Якоб Делагарди ответил кратко, и в его ответе отчетливо проявилась позиция командования шведского отряда наемников. Он писал, что прибыл в Московию не для того, чтобы вести словесный спор о правоте дела, которое уже решается оружием между поляками и московитами: дело это подлежит королевскому ведению, а его забота — строить ряды, стрелять и действовать мечом; сейчас он ищет решение в открытом бою (Юхан Видекинд). Этот бой состоялся на подступах к Твери, где собрались остатки отрядов Зборовского и Кернозицкого.
Сражение было краткотечным, и победа досталась русско-шведскому войску. Мы не станем пересказывать его обстоятельства, так как разные источники (русские и шведские) отмечают заслуги разных участников битвы. Существенно, что именно после этого боя на первый план вновь вышли проблемы с наемниками.

Финны взбунтовались

Василий Татищев в «Истории Российской» приводит такие подробности: В бою с отрядом Зборовского под Тверью шведы потеряли свой обоз. «Воры, увидев шведский обоз на другой стороне Волги, переплыв, многий вред сделали и едва весь обоз не отбили. Сие шведы хотя сами видели, что от воров на обоз их нападение учинено, но сначала поставляли, якобы Шуйский нарочно, не оставив никого в защите, со всем войском на другой перевоз пошел… Шведы, осердясь, стали просить, чтоб он им за разграбленный их обоз заплатил. А Шуйский отговаривался, что то от неприятеля учинено, и ежели они у поляков или русских изменников обоз возьмут, то он им грабить оный не воспретит. Однако ж шведы поворотились назад и пошли к Новгороду».
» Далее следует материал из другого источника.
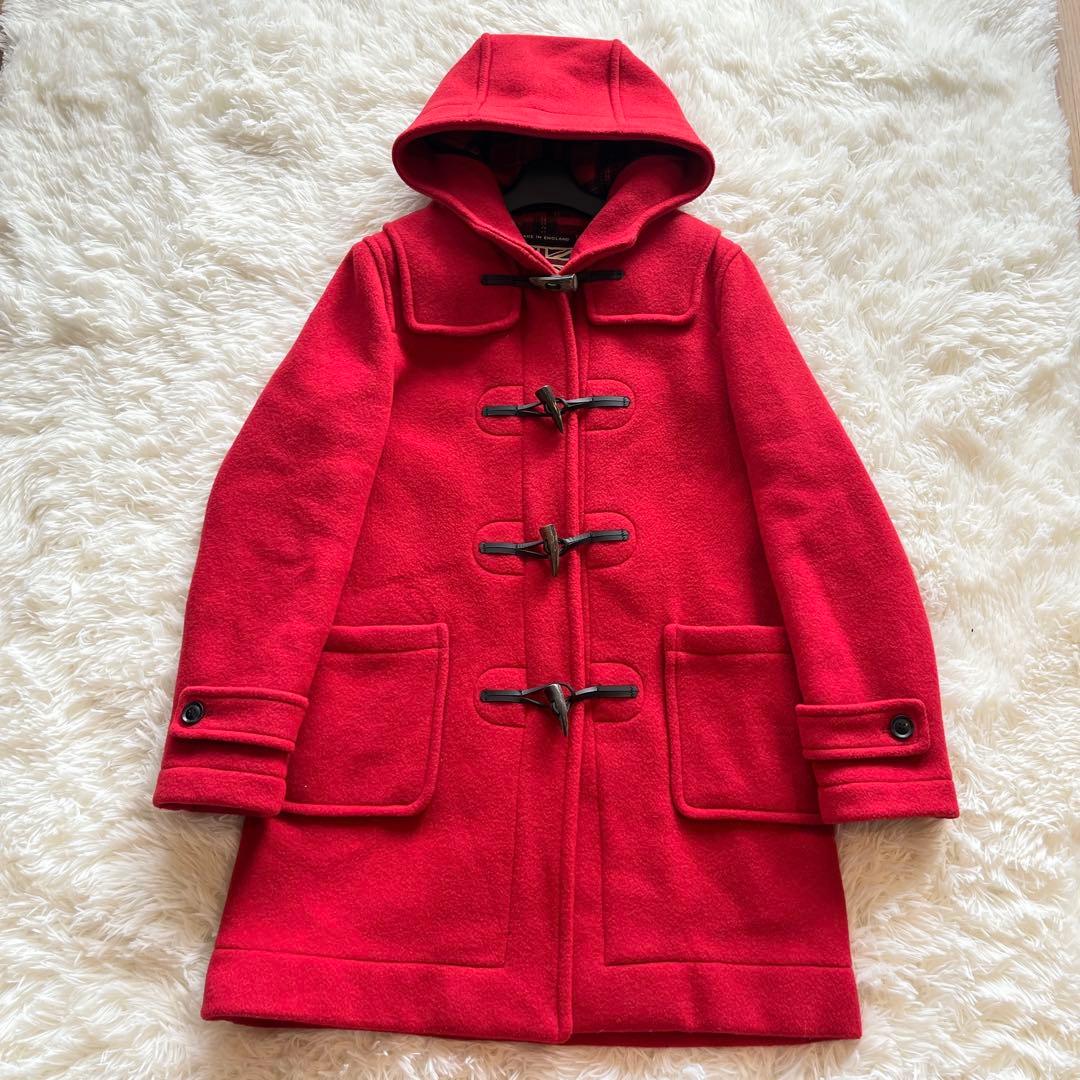 極美品　ロンドントラディション ダッフルコート 赤　イギリス製　チェック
Юхан Видекинд находит совсем другую причину обострения отношений. По его сведениям, по окончании боя, стремясь уточнить диспозицию остатков войска противника, Делагарди решил, перейдя Волгу, идти с войском дальше вперед, стать лагерем близ крепости Калязина в 20 милях от Твери и в 24 от Москвы, рассчитывая из ярославских и кашинских мест в изобилии получать провиант и с большим удобством следить оттуда за начинаниями врагов.
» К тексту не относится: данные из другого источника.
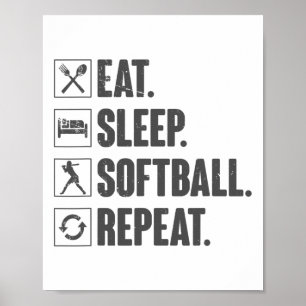 Poster Manger Dormir Softll Répéter - Softll Cadeau Pour 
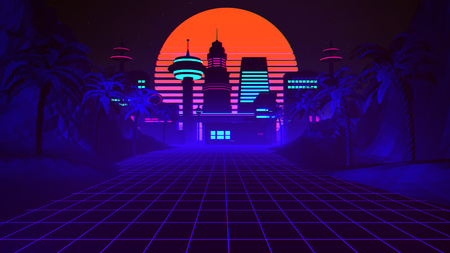 3D Background Illustration Inspired by 80's Scene, synthwave and retrowave music.の写真素材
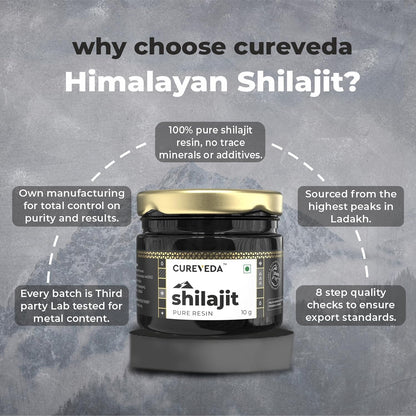 Cureveda Himalayan Shilajit For Men - Resin | 98% Fulvic Acid For Energy, Endurance & Vitality | 100% Ayurvedic (10 gm)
И тут вдруг начался бунт среди финляндской конницы и пехоты. Люди думали, что их ведут в чужие земли внутрь Московии как искупительную жертву, на верную смерть. Обещанное королем жалованье, говорили они, не платят, как следует, а дома некому защитить от обид их жен и достояние — от произвола властей. Кроме того, недавно обнаружилось и вероломство всех русских: пока другие храбро сражались, они разграбили их лагерный скарб и запасы (Вот откуда возникла русская версия о разгромленном обозе шведов! — Г.Р.). Подобные речи тайно ходили по отрядам и побудили наше войско к безудержному отступлению; уговоры начальников были бесплодны, никакого повиновения не стало…
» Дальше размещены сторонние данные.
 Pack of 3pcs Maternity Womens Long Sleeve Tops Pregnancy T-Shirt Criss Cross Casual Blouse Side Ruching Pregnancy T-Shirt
С этими и иными мятежными речами рядовые воины двигались в обратный путь, насильно захватывая с собой командиров и знамена, и прошли уже четыре мили (около 20 км. — Г.Р.) по направлению к зачинщикам этой смуты. Якоб отправился за ними, и так как ни увещеваниями, ни показной мягкостью сломить их не удавалось, он обратился к финнам с суровой речью. Вырвав из рук безумцев знамена и хоругви, Якоб передал их законным носителям, а против тех, кто не желал вернуться к повиновению и стать на свои места, обнажил меч и приказал всем командирам частей сделать то же. Только так, наконец, и то с трудом удалось страхом и угрозами удержать мятежников в границах долга.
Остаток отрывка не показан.